UK student accused of spying detained for five months by UAE

The 31-year-old PhD student was on an academic research trip to the United Arab Emirates.

Research student on hiking trip with his young wife (photo credit: DETAINED IN DUBAI)
Research student on hiking trip with his young wife
(photo credit: DETAINED IN DUBAI)
Continuing a series of international disappearances and detainment actions, a British student was arrested in Abu Dhabi in May and has been held by the United Arab Emirates for the past five months.
Matthew Hedges, a 31-year-old PhD student from Durham University, was returning from a research trip to Dubai when he was detained at the airport and accused of spying. 
“Matthew is a respected academic and researcher,” said Radha Stirling, CEO of Detained in Dubai. “It is alarming that the UAE would accuse him of 'spying' simply for pursuing research."
The UAE can hold individuals accused of national security violations indefinitely.
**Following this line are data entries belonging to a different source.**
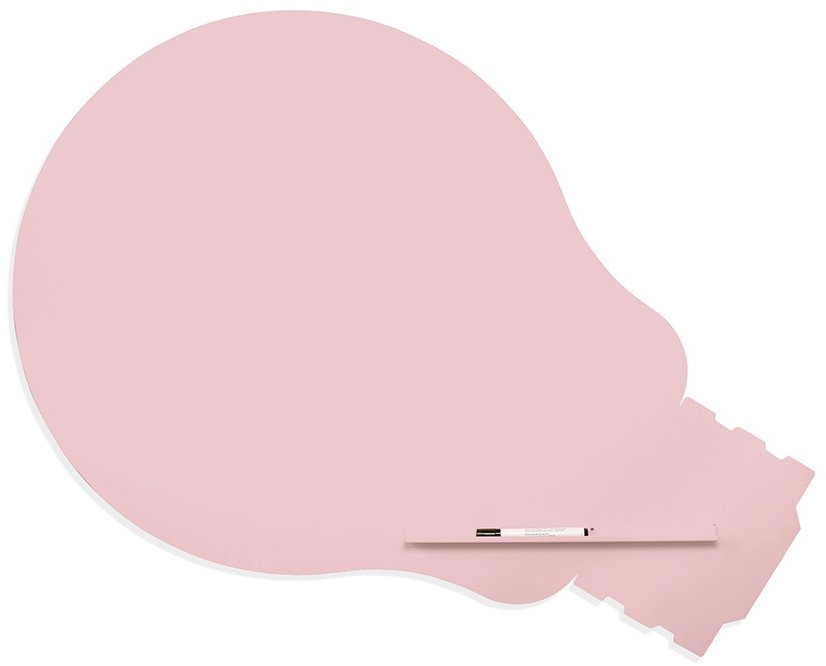 ROCADA Skin Shape Idea 6461-490, bezrámová, tvar žiarovky, 150 × 100 cm, ružová RAL 490
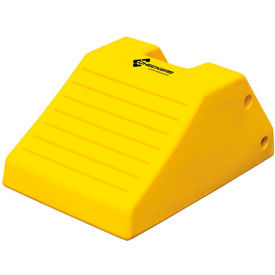 Checkers™ Heavy Duty Wheel Chock with Rubber Pad Polyethylene 21-1/2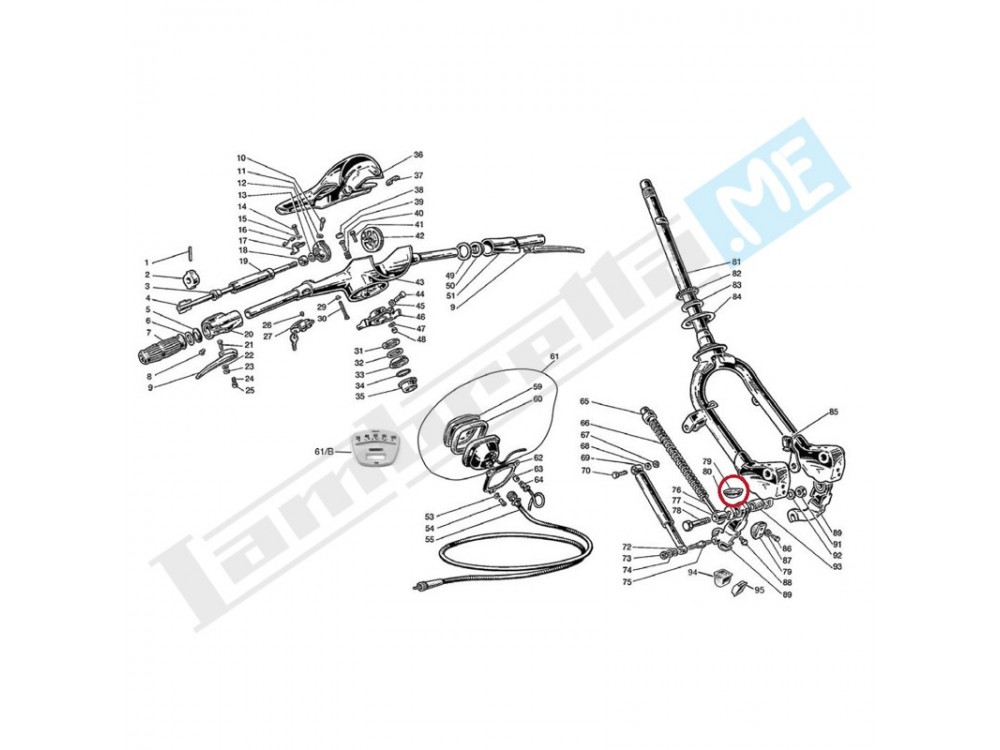 Tampone fine corsa inferiore con viti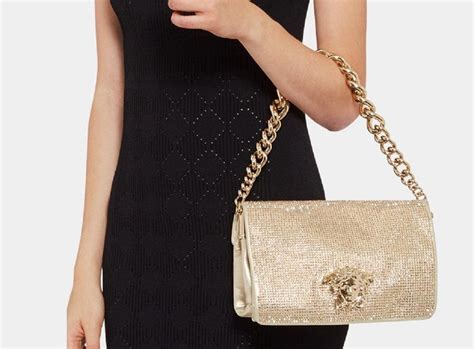 versace swarovski bag|versace handbags.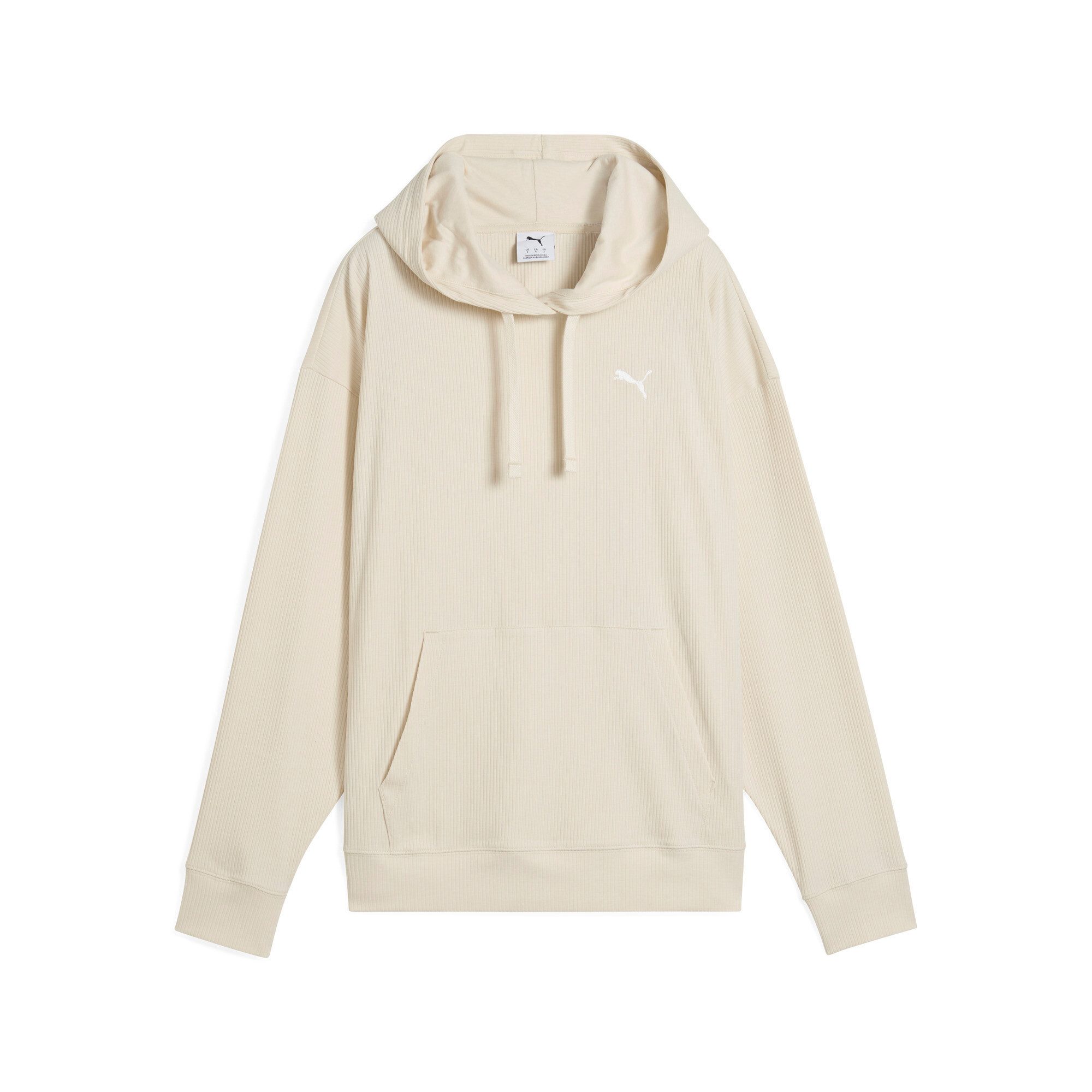 PUMA Kapuzensweatshirt ESS ELEVATED Comfort Rib Hoodie ALPINE SNOW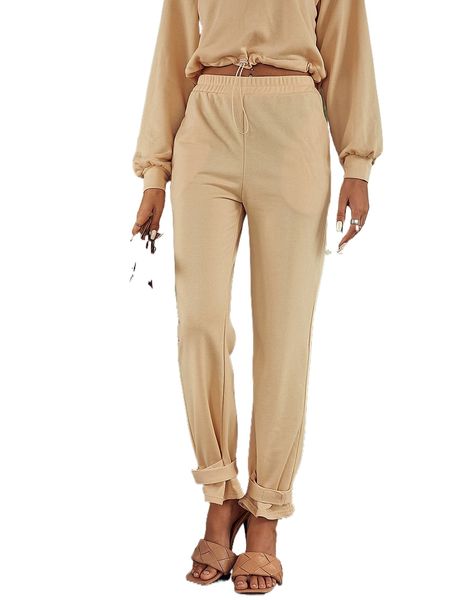 

simplee slant pockets tie hem sweatpants g5wh#, Black;white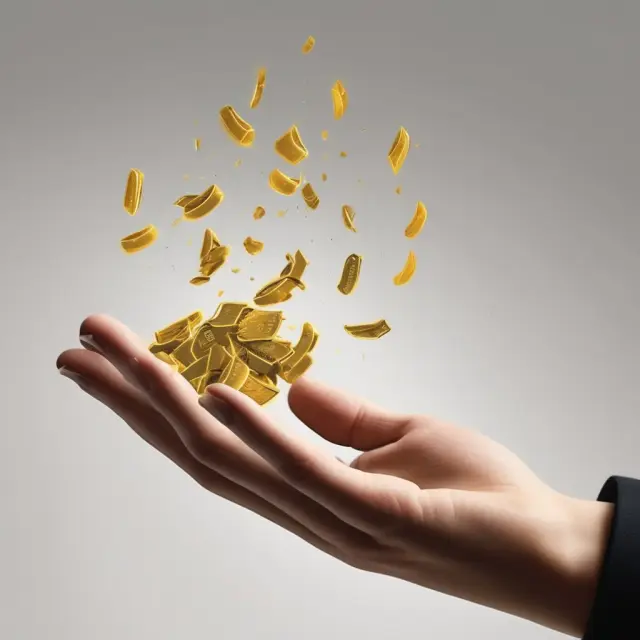 Publisher and Advertiser shaking hands over a pile of golden clicks representing CPC ad revenues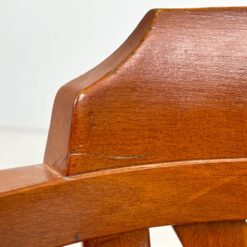 Medinis krėslas mėlynos spalvos gobeleno sėdimąja dalimi 47x51x78 cm, 49 cm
Jailed in May, Hedges has been allowed visits with two consular officials.
The student is being held in solitary confinement. 
Hedges worked for Gulf State Analytics, geopolitical consulting firm based in Washington DC. He is a doctoral research student in Durham's School of Government and International Affairs.
The PhD candidate studied Middle Eastern politics and co-authored a journal article last year titled The GCC and the Muslim Brotherhood: What Does the Future Hold?
"In the past he has studied the Muslim Brotherhood's activities, influence and agenda in the country, and around the region; and it is possible that the UAE authorities disliked what he has written in the past, and suspect him on purely political and ideological grounds," Stirling said.
Following the disappearance of Saudi journalist Jamal Khashoggi in Turkey and Israel's detainment of Lara Alqasem for her alleged support of BDS, a conversation about academic and literary suppression has erupted around the world. 
“[UAE] need[s] to understand that when you start jailing academic researchers, you immediately lose credibility in the eyes of the global community," Stirling said. "They are moving the wrong way on the road between dictatorship and democracy; between despotism and human rights.”